Le dernier texte nous intéressant est un ensemble de notices biographiques sur différentes personnalités rabbiniques . Ce livre portant le nom de Toldoth Guedoley Israel, a été écrit par un rabbin italien, Guerondi, exerçant ses fonctions à Padoue. Il est frappant de constater qu'il consacre une courte notice à Schopflich. En effet , ce livre est écrit en 1853 alors qu'Anschel Schopflich est décédé 80 ans auparavant et vivait à quelque 500 kilomètres de Padoue. Selon Guerondi , Anschel a "diffusé son enseignement en Alsace, à Rosheim, et a laissé de nombreux manuscrits".
Il y a lieu de remarquer également que dans le contrat de mariage de sa fille Guttel , Anschel est paré du titre de Gaon (génie talmudique). Or, si on dénombre les personnes à qui ce titre est accordé dans les contrats de mariage, on s'aperçoit qu'il s'agit de personnalités de premier plan (Jonathan Eybeschuetz , Nathane1 Weil, Wolff Jacob Reichsoffer, David Sintzheim etc).On peut supposer qu'Anschel en fait partie.
Il ressort qu'Anschel Schopflich était un talmudiste , un maître et un juge rabbinique de réputation non seulement rhénane, mais même européenne.
Guerondi nous apprend que notre rabbin a laissé après lui de nombreux manuscrits. Où se trouvent ils ?

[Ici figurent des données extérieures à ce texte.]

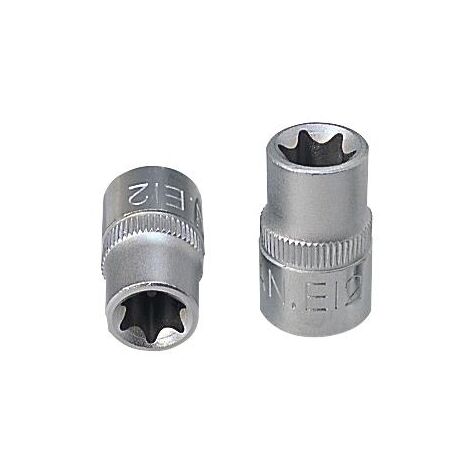 3/8" Bussola esagonale CHROMEplus 9mm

Je me suis rendu en août 2006 à la bibliothèque nationale et universitaire de Strasbourg. En consultant le catalogue Wickersheimer ,j'ai trouvé un document de notre ancêtre : il s'agissait
à première vue de commentaire sur la Bible. Quand je l'ai consulté , j'ai constaté que le manuscrit avait été écrit par un certain Yehuda fils de Elie de Fort-Louis , étudiant à l'école talmudique de Furth. Ce dernier a repris l'enseignement de ces maîtres, parmi lesquels figure Anschel Schopflich. En réalité, ce qui provenait de notre personnage concernait les traités Kidoudhin et 'Houlin du Talmud babylonien. Contrairement à son contemporain le rabbin David Sintzheim, ces commentaires ne citent que des ouvrages classiques tels que ceux de Samuel Eidels ou le Pnei Yehoschua de Yehoschua Falk, rabbin de Cracovie, de Metz et de Francfort.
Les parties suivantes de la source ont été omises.